▸ PROVIDED ENTRIES:
══════════════════════════════

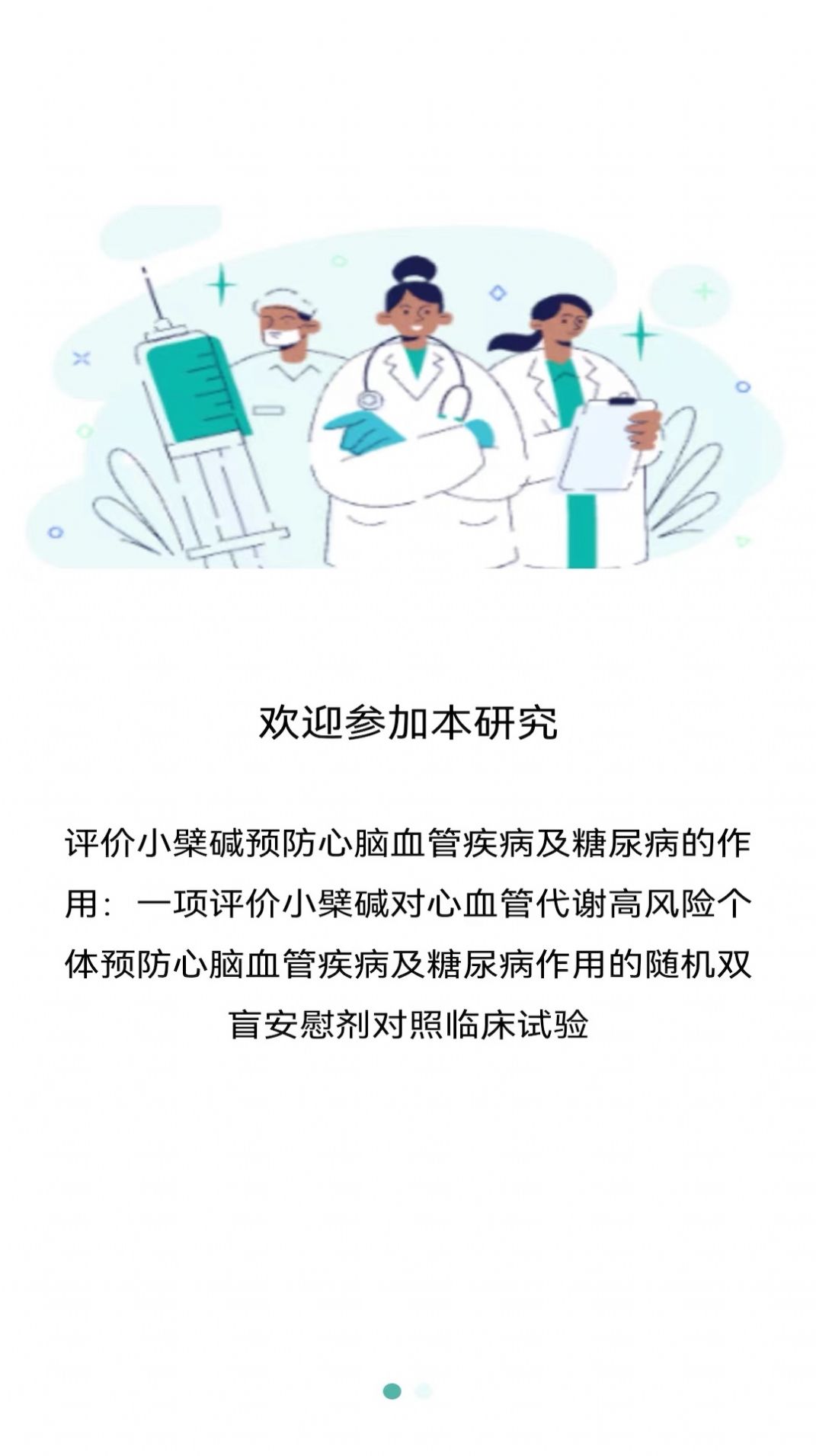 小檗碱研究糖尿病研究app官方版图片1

══════════════════════════════

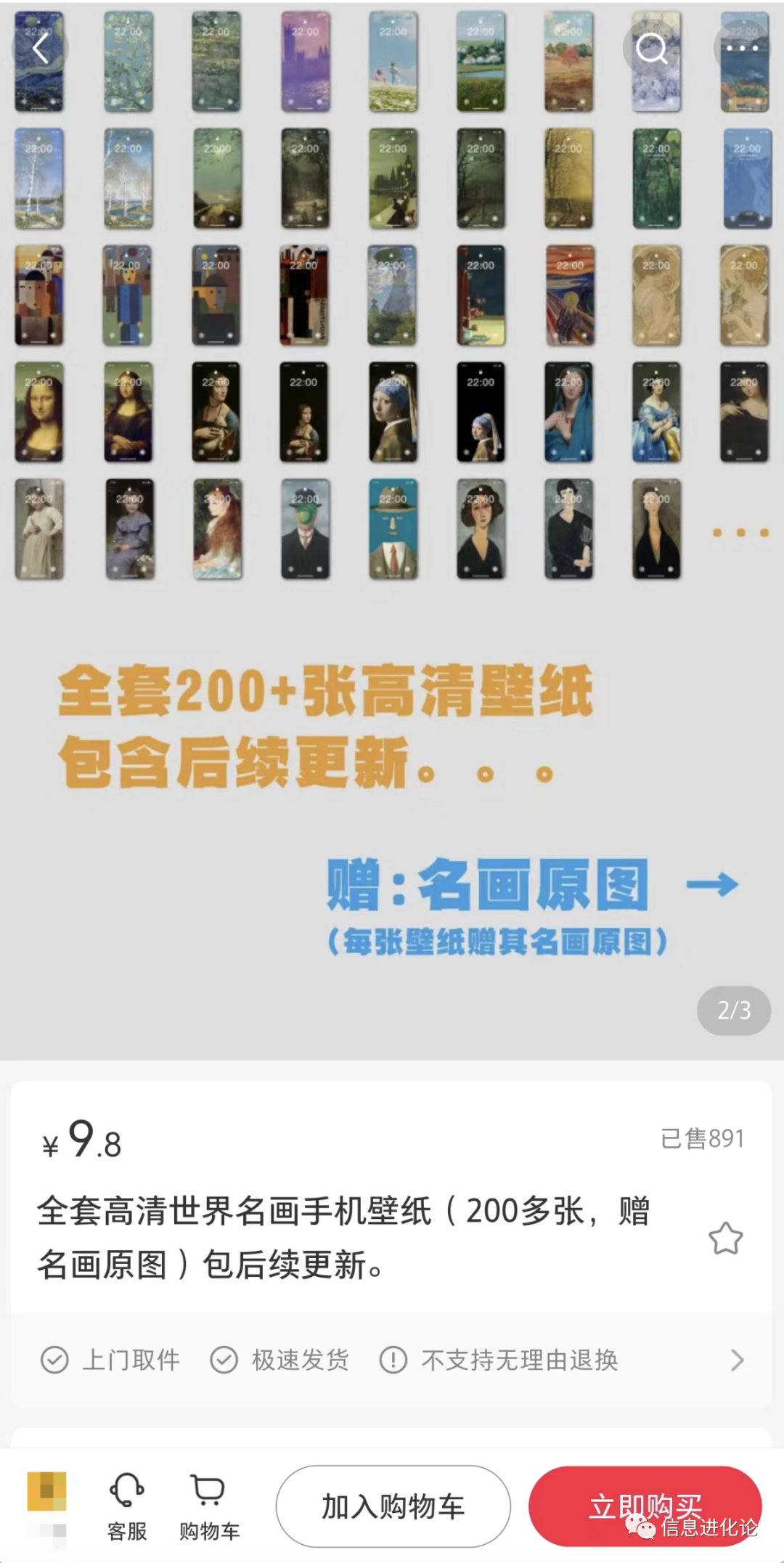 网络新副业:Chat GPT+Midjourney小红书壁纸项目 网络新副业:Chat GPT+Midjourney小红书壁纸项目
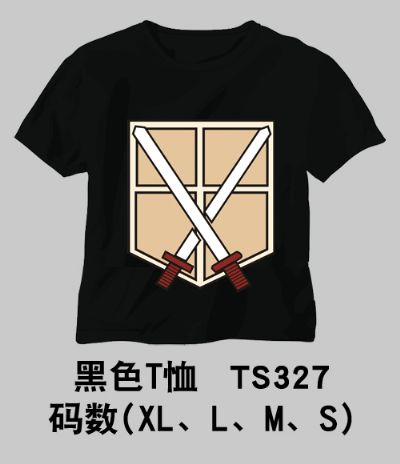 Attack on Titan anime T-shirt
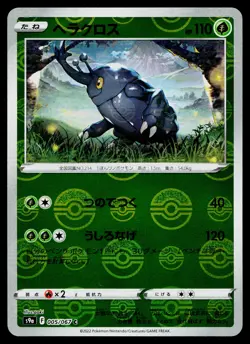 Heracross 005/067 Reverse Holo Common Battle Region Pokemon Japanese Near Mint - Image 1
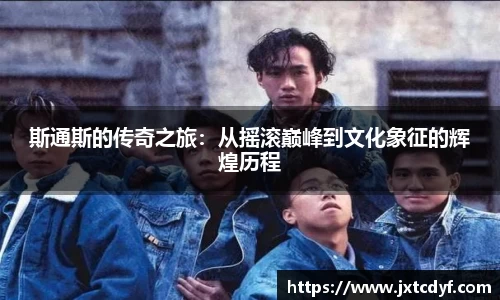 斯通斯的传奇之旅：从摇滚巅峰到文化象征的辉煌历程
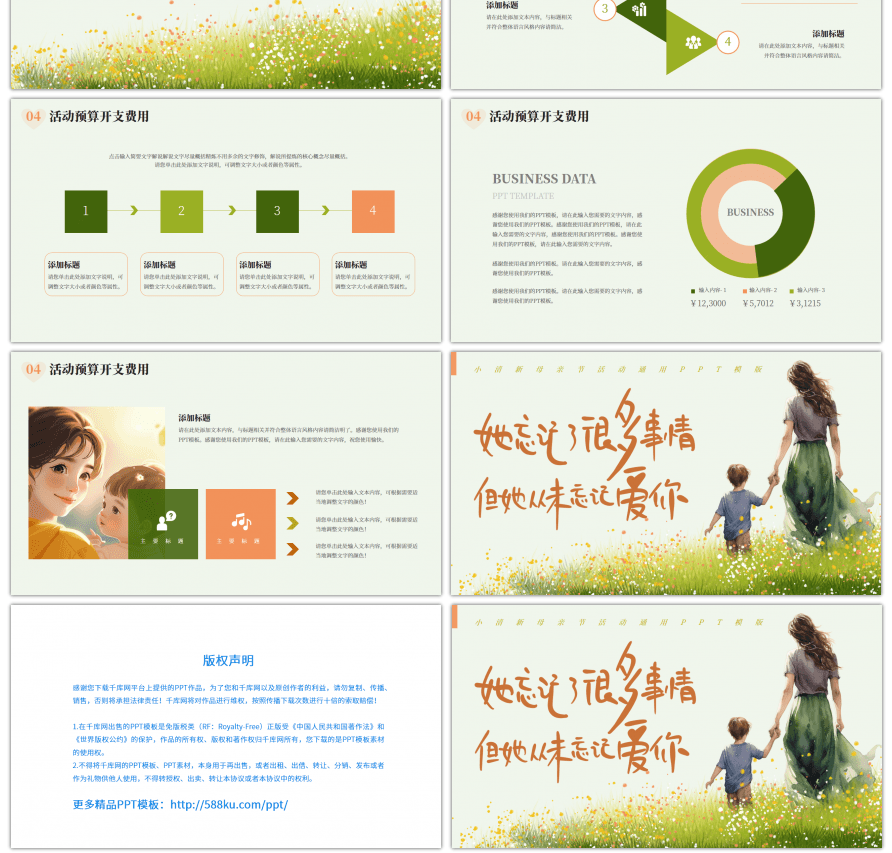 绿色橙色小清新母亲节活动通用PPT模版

══════════════════════════════

▸ PROBLEM TO SOLVE: Nothing but the lines from the one with "Heracross 005/067 Reverse" up to and including the one with "绿色橙色小清新母亲节活动通用PPT模版" should be printed, exactly as they read above. Please keep the pictures out.

▸ WRITTEN RESPONSE:
 Heracross 005/067 Reverse Holo Common Battle Region Pokemon Japanese Near Mint - Image 1
 斯通斯的传奇之旅：从摇滚巅峰到文化象征的辉煌历程
 绿色橙色小清新母亲节活动通用PPT模版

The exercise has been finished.